2. The probe according to claim 1, characterized in that: The probe (1) is formed by a contact spring, the middle and / or upper part of which is a spring structure (12), and the lower part is a strip contact (11); or the probe is formed by a strip spring sheet, the middle and / or upper part of which has an elastic bending structure, and the lower part forms a contact joint.
3. The probe according to claim 1 or 2, characterized in that: The probe (1) has a positioning structure (13) at its tip.
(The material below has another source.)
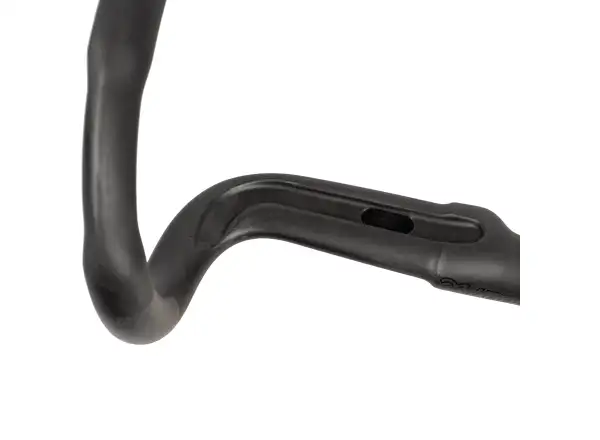 Tune Aero Geweih carbon szosowa kierownica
4. The probe according to claim 3, characterized in that: The positioning structure (13) at the top of the probe (1) is a positioning hook or positioning ring formed by extending and bending the upper leg of the spring structure (12) to one side, and the strip-shaped contact pin (11) at the bottom is formed by extending the lower leg of the spring structure (12) downward.
5. A broken needle alarm device for a computerized flat knitting machine, characterized in that: The device includes an insulating base (2), two probes (1) mounted on the machine head (3) via the insulating base (2), and an alarm control component connected to the probes (1) by circuit. The probes (1) are elastic probes. The probes (1) are integrally provided with an elastic structure with automatic reset function and buffer function. The upper part of the probes (1) can be connected to the weak current lead of the alarm device, and the lower part is used to contact the broken needle foot. When the machine head (3) moves left and right on the needle plate (5) to achieve knitting, it can contact the broken needle foot (81) that falls off the needle plate (5) through the lower part of the probe, so that the circuit of the alarm control component is connected to achieve the broken needle alarm.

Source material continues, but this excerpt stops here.